> **Action item**
From the material below, return exactly the lines starting at the one that holds "Surrey Constituencies Clipart" and ending at the one that holds "Lexus NX 200T". Pictures stay out of the answer.

Supplied records below:

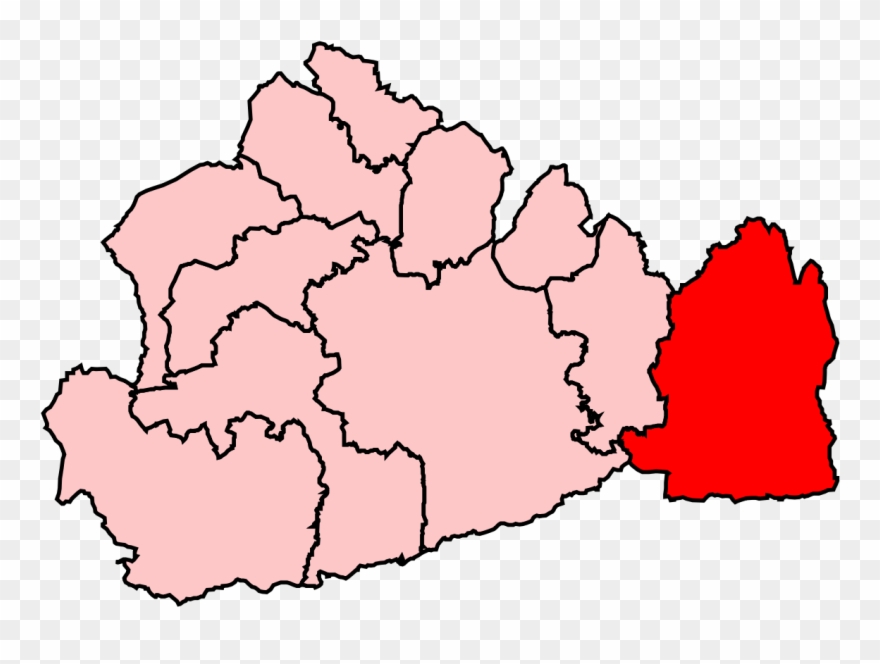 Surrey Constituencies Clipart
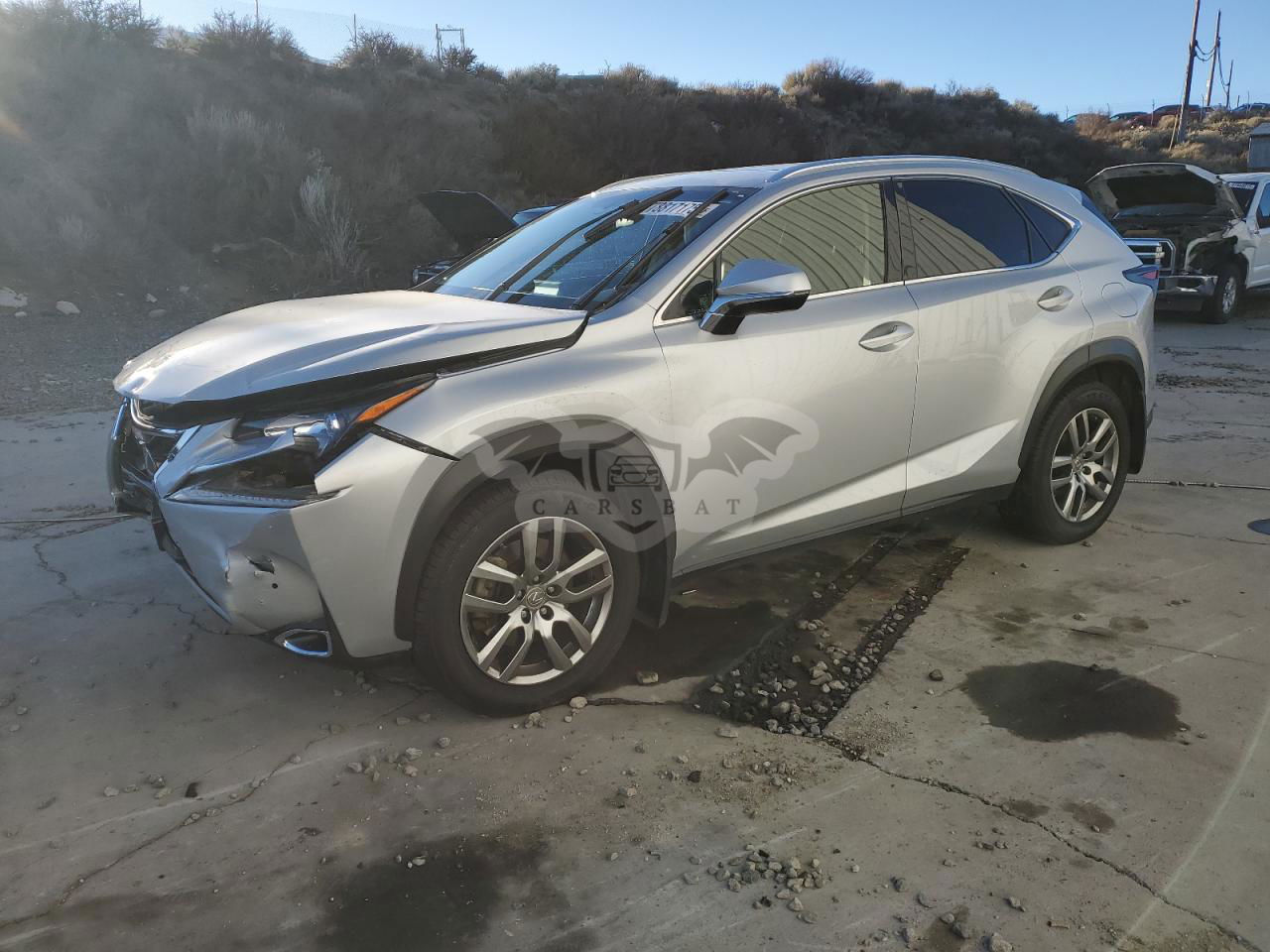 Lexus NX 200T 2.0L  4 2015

End of Supplied records.
Supplied records below:

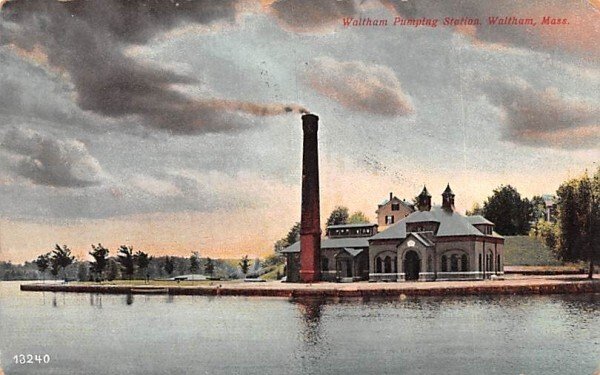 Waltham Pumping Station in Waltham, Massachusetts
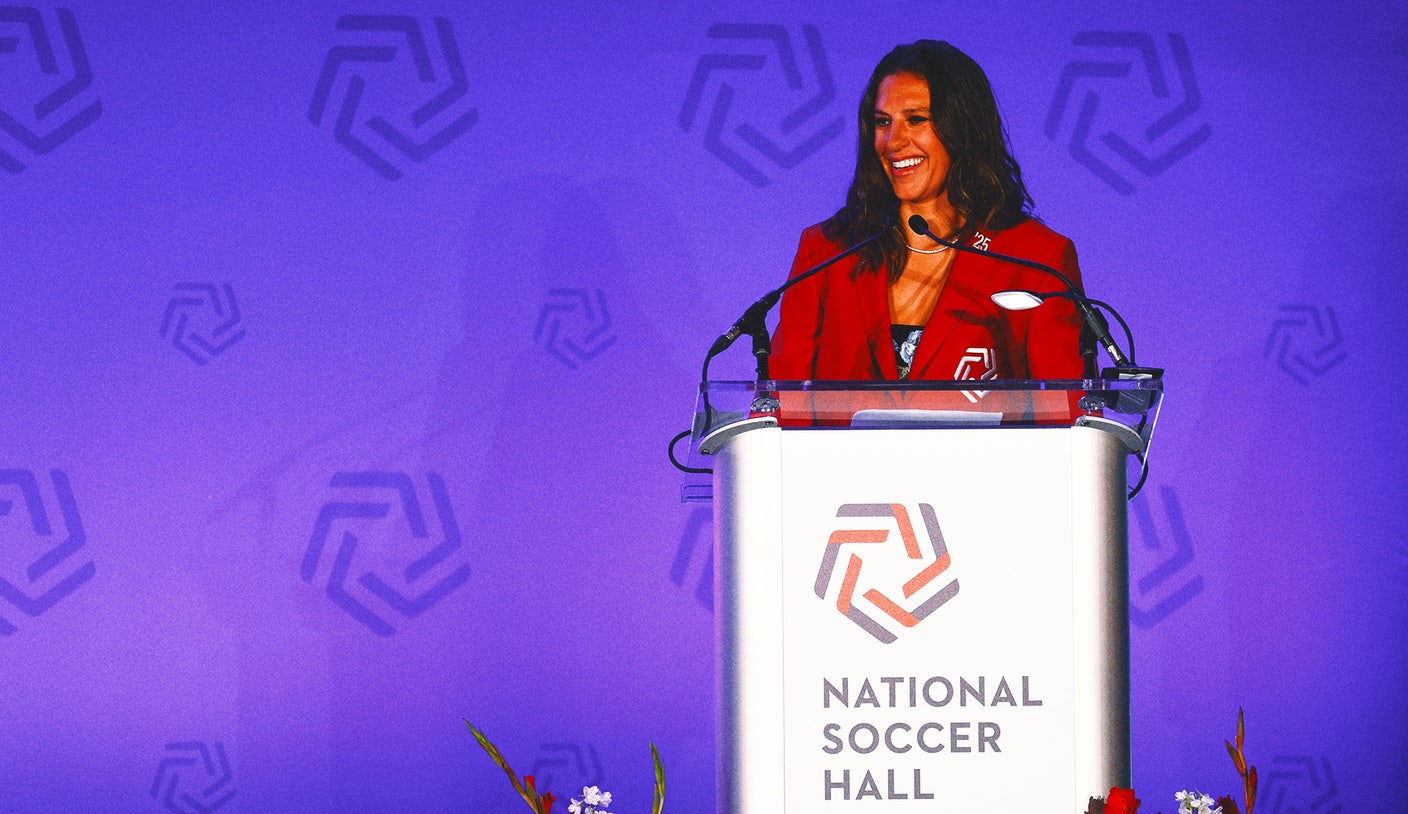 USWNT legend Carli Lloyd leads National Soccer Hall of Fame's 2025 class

End of Supplied records.
Supplied records below:

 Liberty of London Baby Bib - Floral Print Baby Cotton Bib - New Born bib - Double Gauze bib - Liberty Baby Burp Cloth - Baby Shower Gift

End of Supplied records.

> **Response area**
 Surrey Constituencies Clipart
 Lexus NX 200T 2.0L  4 2015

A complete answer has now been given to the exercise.